Вдруг торт решительно качнулся и звучно шмякнулся на пол: вероятней всего, что человечишко с пионом угадывал за окном нелюбимого пасынка.
— Эх, так и не удалось отпробовать сановной сладости! — с поддельной грустью возгласил он, и всё вокруг заликовало от его жестокой расправы. В добавление всему он вынул из себя стеклянный глаз и протирал его; это было страшно, и Увадьев не умел побороть в себе ужасного любопытства к этой мерзости. — Эй, Дарьюшка, подбери ошмётки в бадейку!
Одна только мать не обратила внимания на этот скандальный вызов: она глядела сурово, ей становилось душно среди подпольного этого сброда и снова хотелось на железный табурет, в одиночество и непогоду. «Мать, какими чарами околдовал он тебя, большую и глупую муху? — просилось из Увадьева. — Эй, плюнь на нэпмана, поедем со мной на Соть!» Он верил в целительные свойства дебри, где надо было ежедневно драться, чтобы уцелеть… он не крикнул, потому что каждый человек обязан иметь силу пережить своё счастье до конца.

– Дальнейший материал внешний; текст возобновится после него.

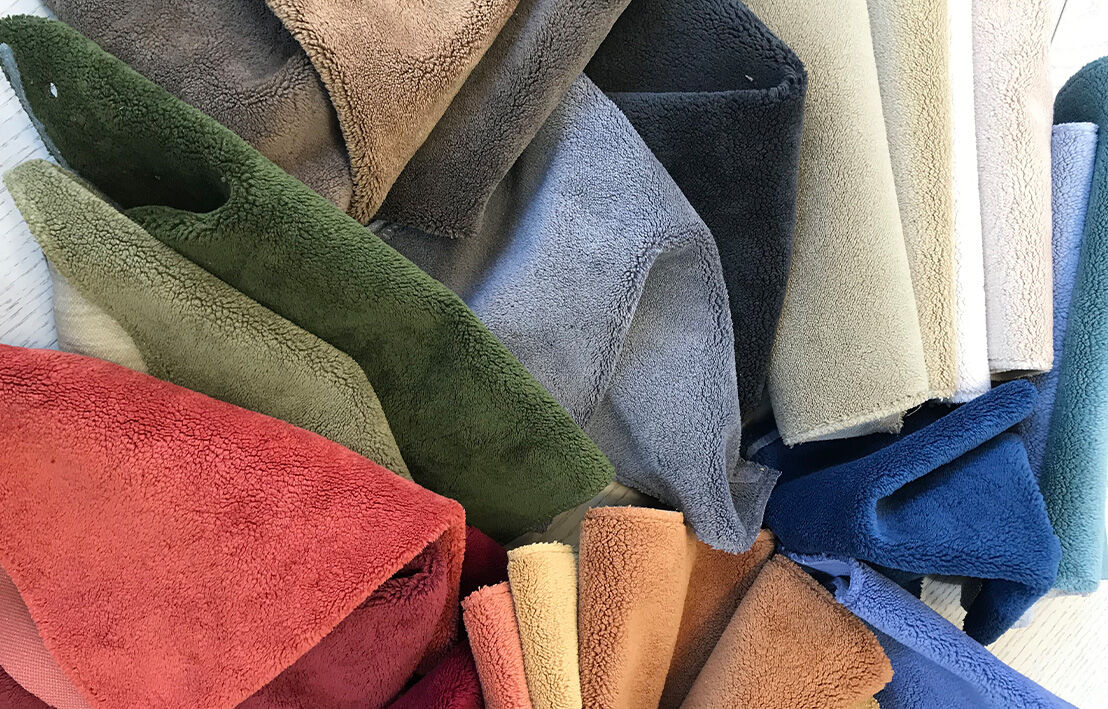 You are currently viewing Grizzly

Выбившись из толпы, он сел в машину и пообещал шофёру прибавить за скорость. Рванулась пыль, мелькнуло розовое платье, хлестнула воздух гармонь, рассыпался рваный крик галок над церковным двором; мать осталась где-то в прошлом, вместе с Натальей, позади… Он поспел лишь к отходу поезда, спутники сидели уже в вагоне.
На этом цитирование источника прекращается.